L’iter è stato lungo e pieno di passaggi. E’ stato avviato nel luglio 2019, quando, con la delibera n.15 del 18 luglio il Consiglio direttivo del Parco delle Apuane ha approvato i documenti necessari per l’avvio del procedimento del Piano integrato per il Parco (Informativa preliminare, Relazione di avvio del procedimento; Documento preliminare di V.A.S.). Il 3 febbraio 2020 si è svolta la prima riunione del percorso partecipativo del Piano integrato per il Parco alla presenza del Garante regionale per l’Informazione e l’ente Parco Francesca De Sanctis, garante regionale per dell’informazione e della partecipazione nel governo del territorio. Il percorso di partecipazione e ascolto è stato lungo e ha previsto sei incontri partecipativi con associazioni di categoria, professionisti, associazioni ambientaliste, cittadini e tutti gli stakeholders. <Siamo stati aperti al dialogo e al confronto anche con tutte le associazioni che hanno chiesto un incontro per approfondire, chiarire, scambiare dati e informazioni – rileva Putamorsi – : tutto ciò anche se si tratta di un atto di pianificazione, come un Piano urbanistico, che non deve essere né concertato né ufficializzato>.

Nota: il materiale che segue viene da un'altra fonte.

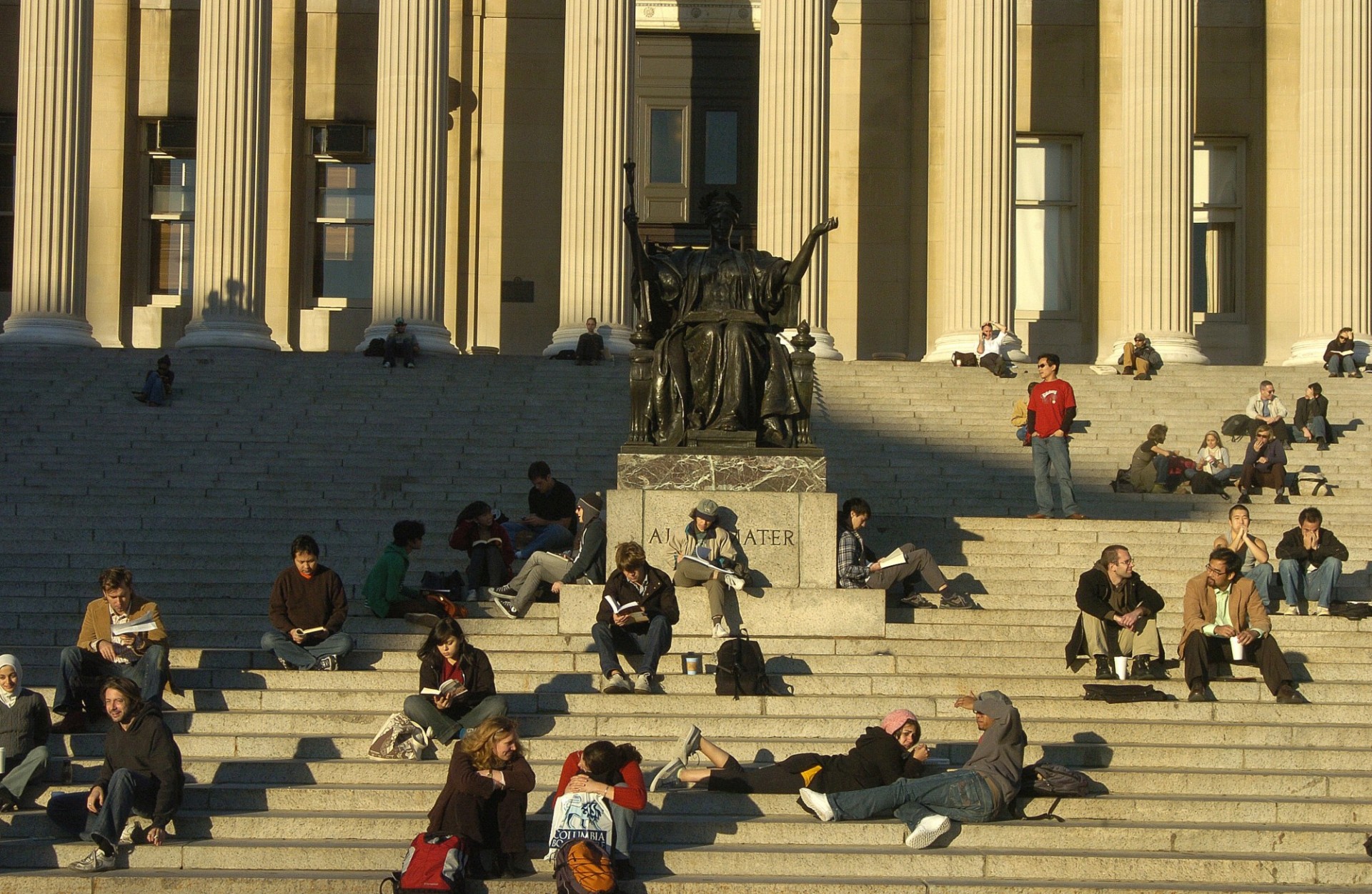 photo of students sitting on the steps of Low Library near Alma Mater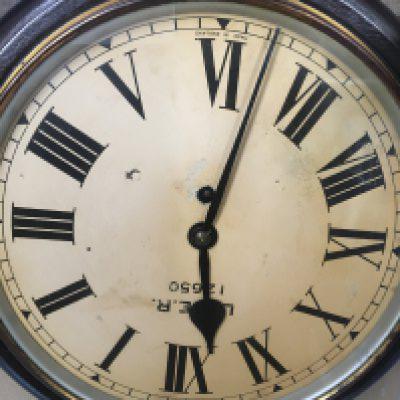 A station LNER mahogany wall clock , the dial with Roman numerals.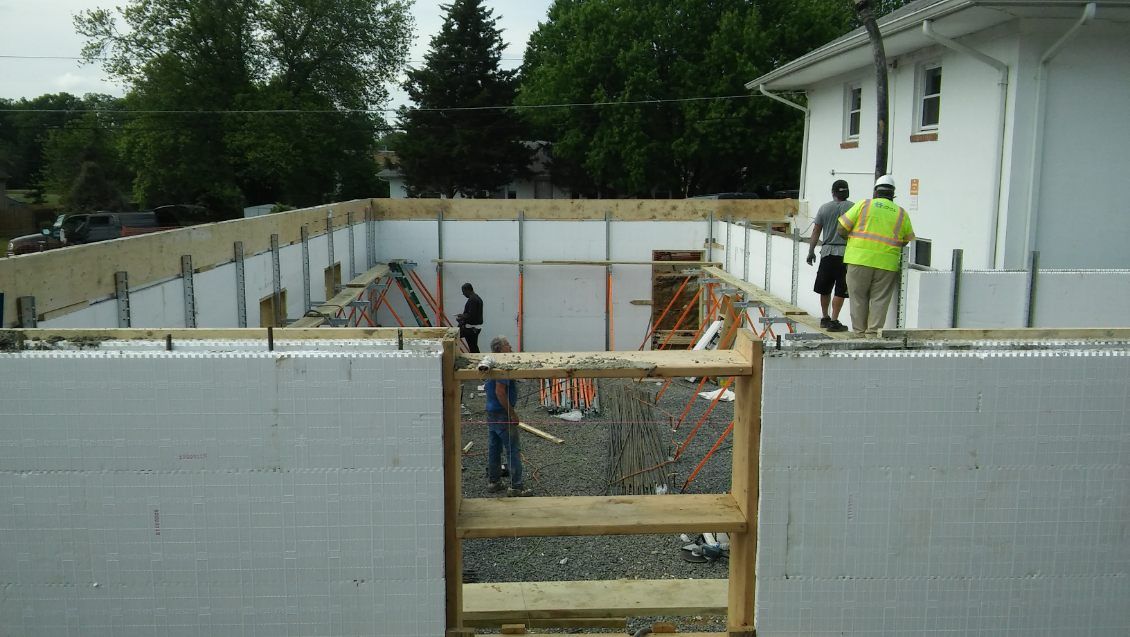 A group of construction workers are working on a building under construction.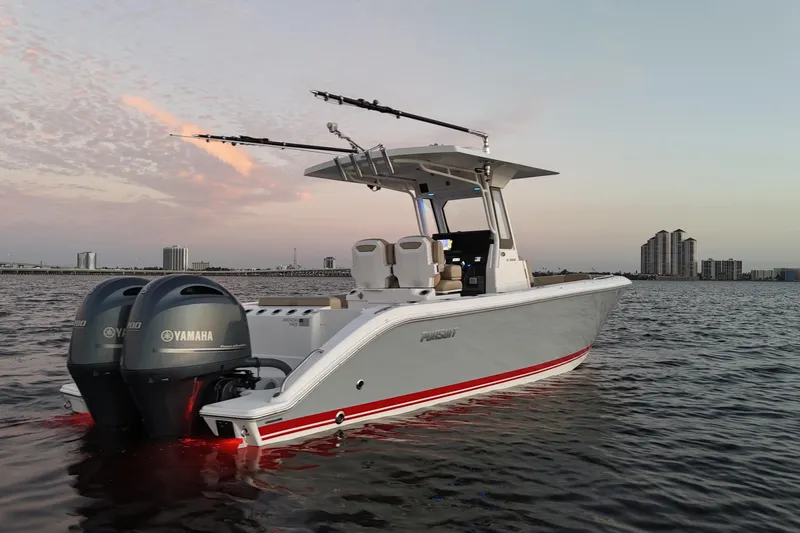 Slide: The Image of 2021 Pursuit S 268 Sport boat on water at sunset with city skyline. - 5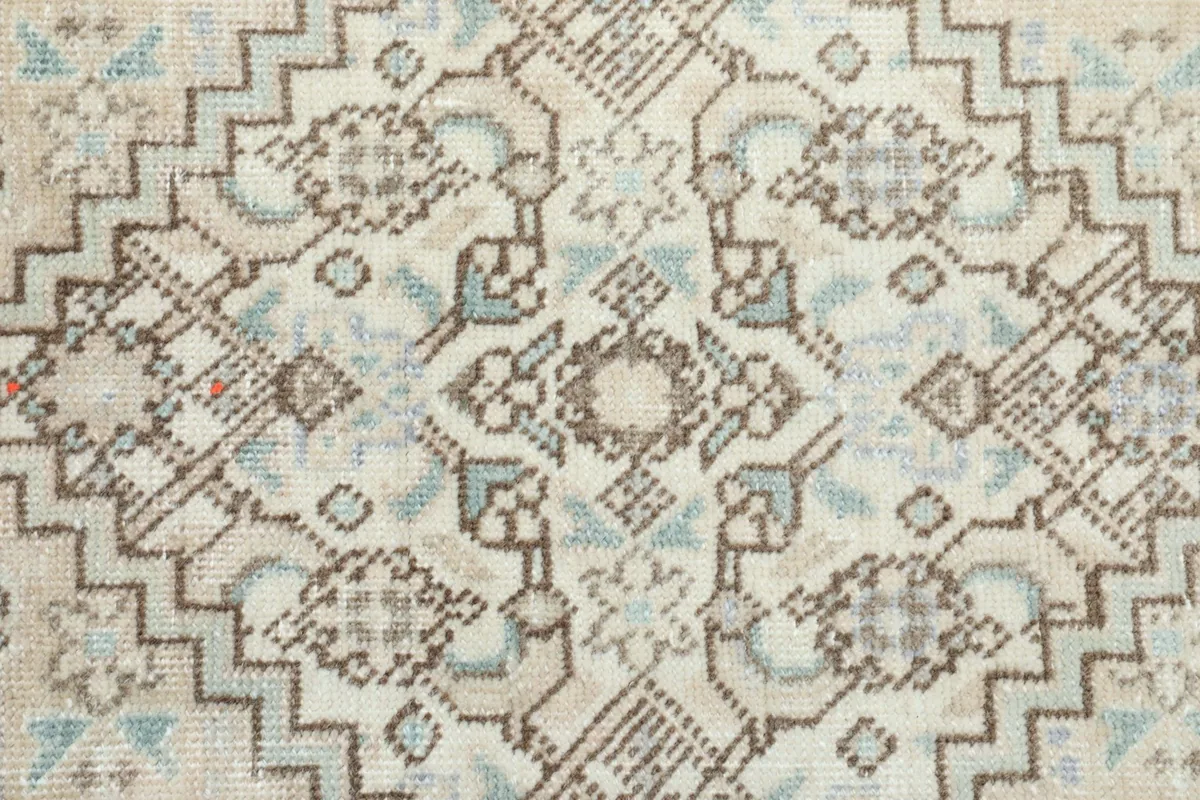 Macro detail of the rug's pile, showing the hand-knotted texture and subtle color variations in gray and blue.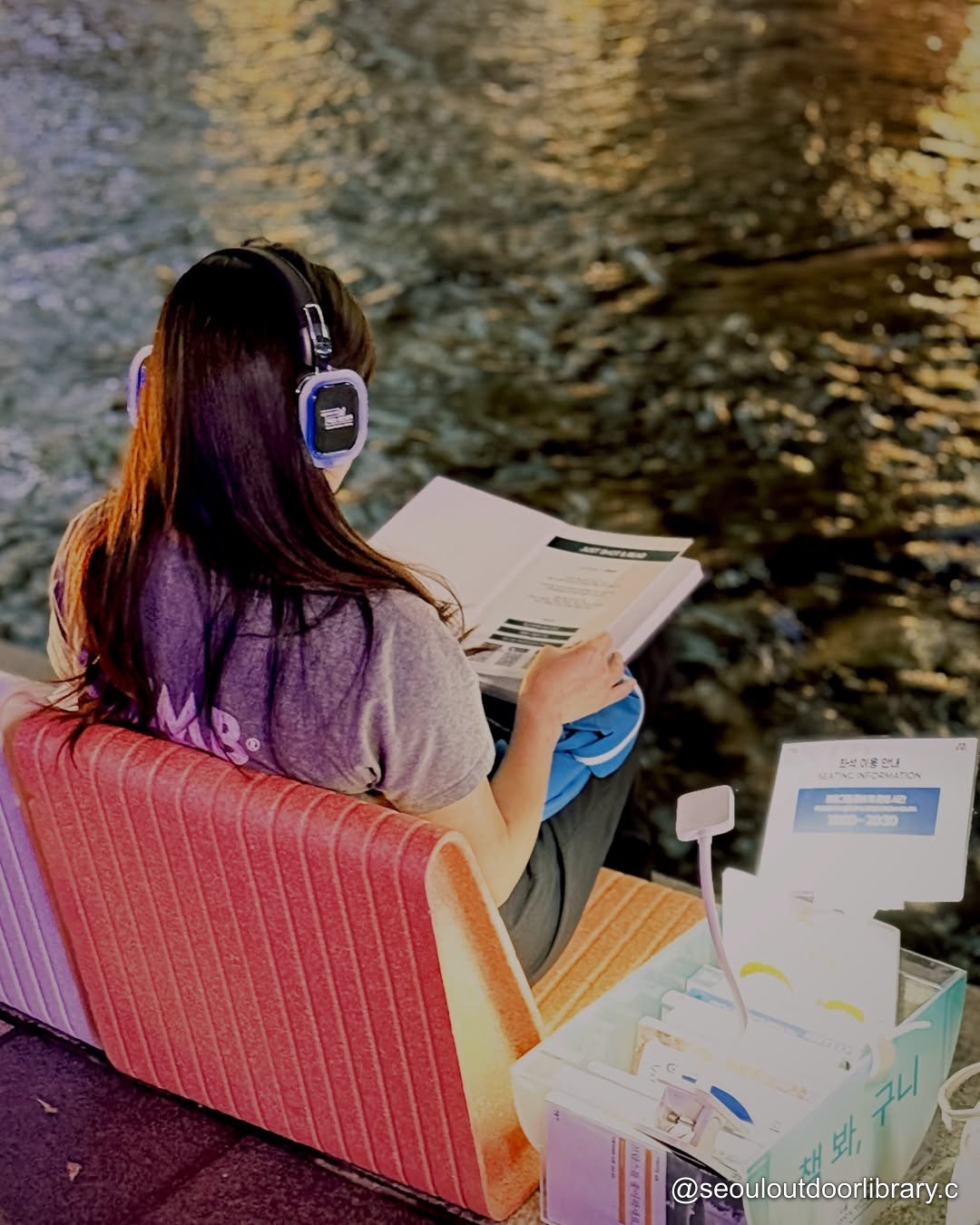 A reader wearing headphones beside Cheonggyecheon
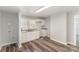 A clean laundry room with white cabinets, granite countertops, and utility connections at 1003 Harris St, Kannapolis, NC 28081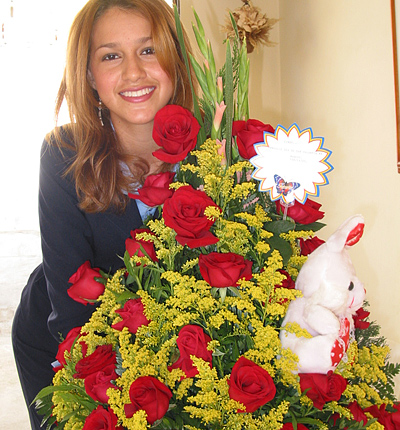 A Colombian woman receiving beautiful flowers, fruits, chocolate, teddy bear and wine as a gift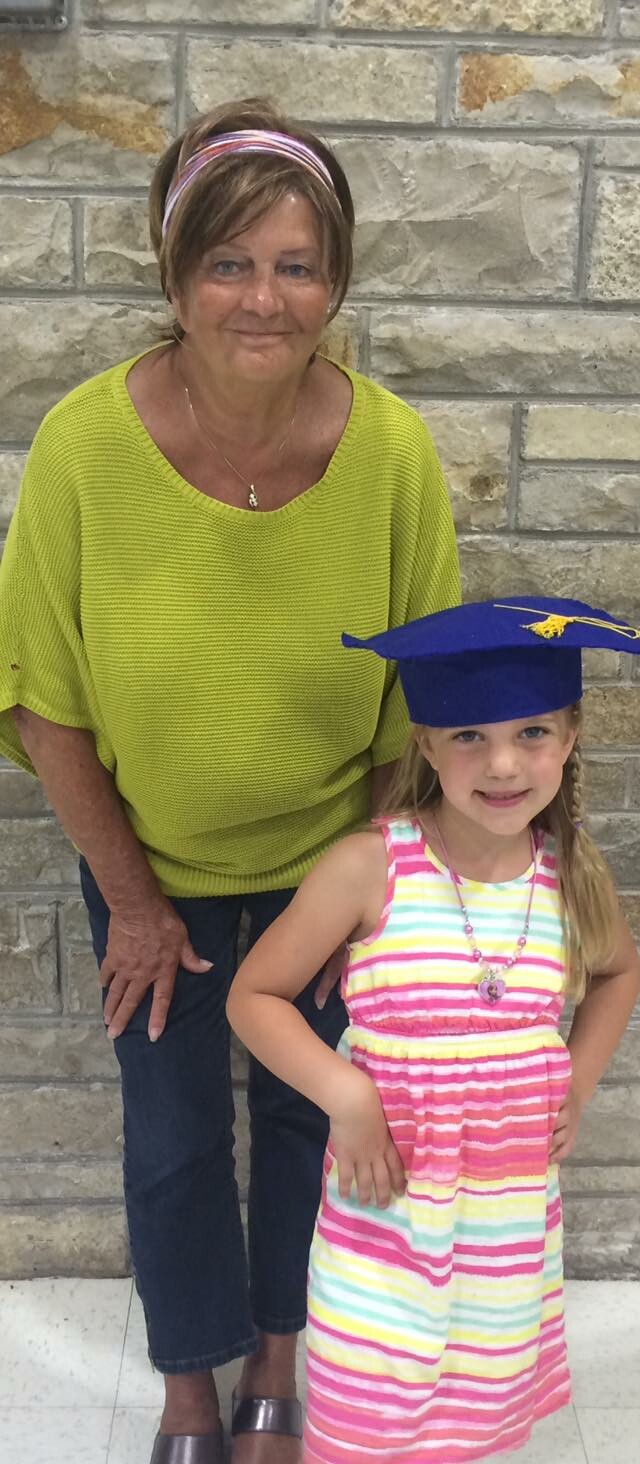 Older woman in a lime-green sweater stands beside a smiling young girl in a striped dress wearing a blue graduation cap, against a stone wall background.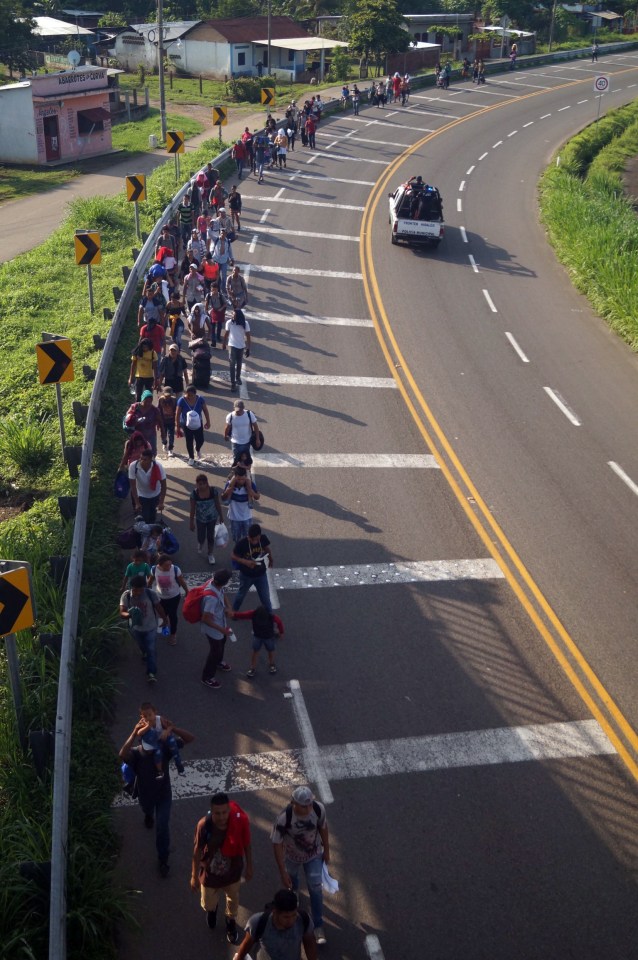  Migrants walk towards a road heading to the Mexican city of Tapachula after crossing the Guatemala border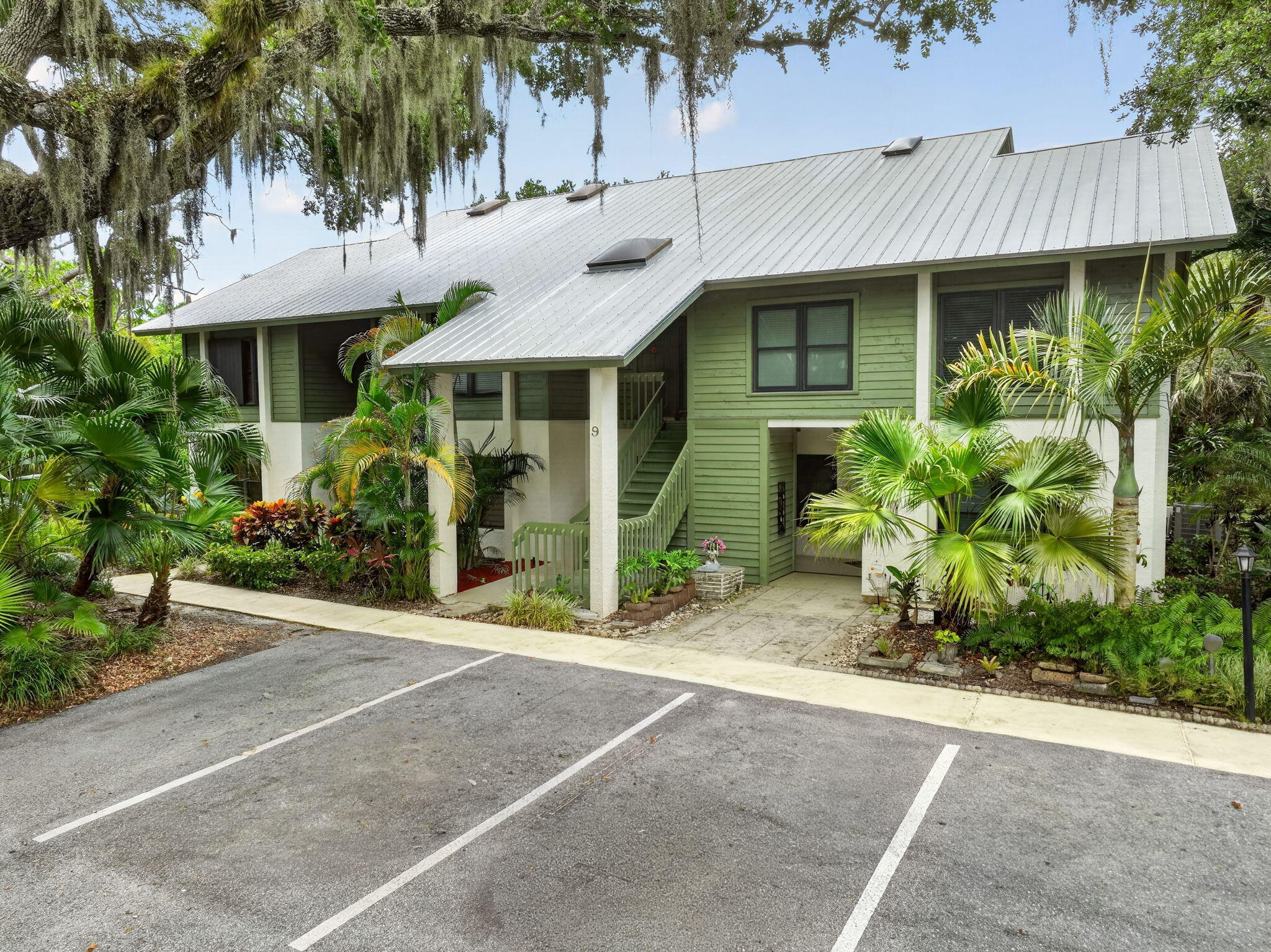 Completely renovated from top to bottom, this stunning first-floor 2-bedroom, 2-bath Condominium offers 1,125 square feet of move-in-ready living just minutes from beautiful beaches.  No detail was overlooked in this extensive renovation. Enjoy Brand-New Flooring throughout, a beautifully redesigned Kitchen with New Cabinetry, Quartz Countertops, and Fixtures, along with two Fully Remodeled Bathrooms featuring modern finishes. Additional upgrades include a Brand-New HVAC system, New Water Heater, New Retractable Ceiling Fans, New Washer and Dryer, updated electrical outlets and switches, contemporary LED lighting throughout, New Toilets, New Door Hinges, and Doorknobs. Nearly every surface and fixture has been thoughtfully updated, providing the feel of a brand-new home. Vacant Easy to See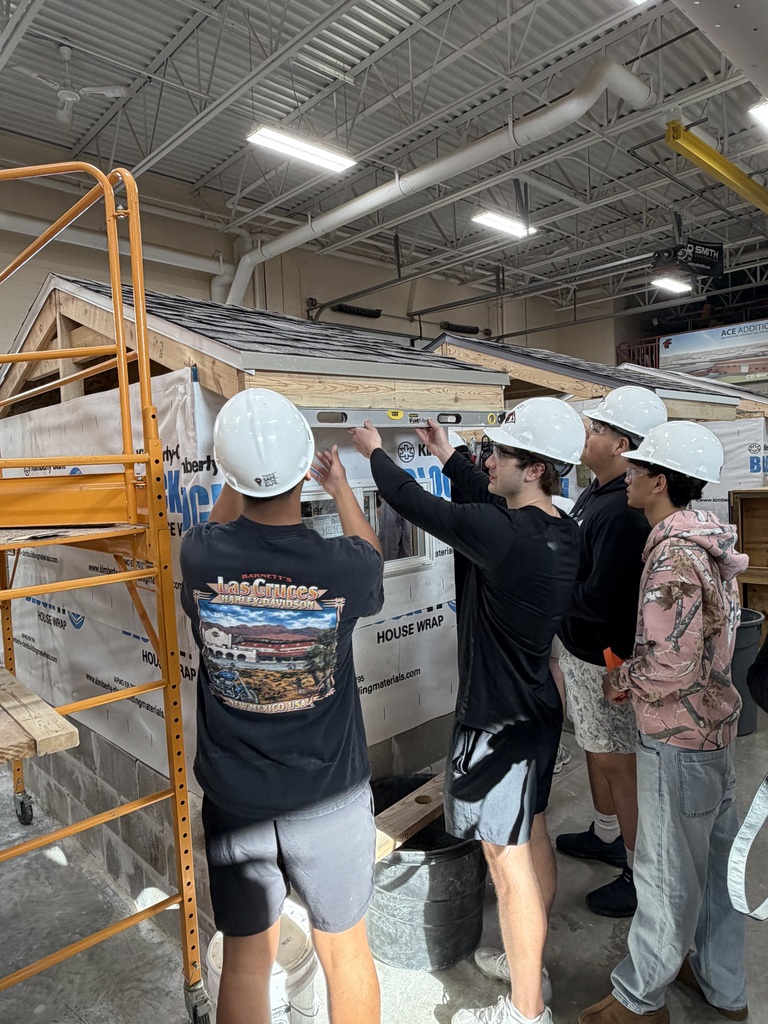 Students leveling roof on construction worksite.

Lunedì 7 marzo si riunirà la Comunità di Parco che, dopo il Comitato Scientifico, esprimerà un parere obbligatorio ma non vincolante. Per il giorno successivo è convocato il consiglio direttivo dell’Ente che dovrà approvare la proposta definitivamente. A quel punto, il Rup (responsabile unico del procedimento) invierà la proposta alla Regione che dovrà adottare il Piano. L’iter è lo stesso di un piano urbanistico: dopo l’adozione il Piano verrà pubblicato, si aprirà la fase delle osservazioni che saranno contro dedotte e, alla fine, è prevista la definitiva approvazione da parte del consiglio regionale.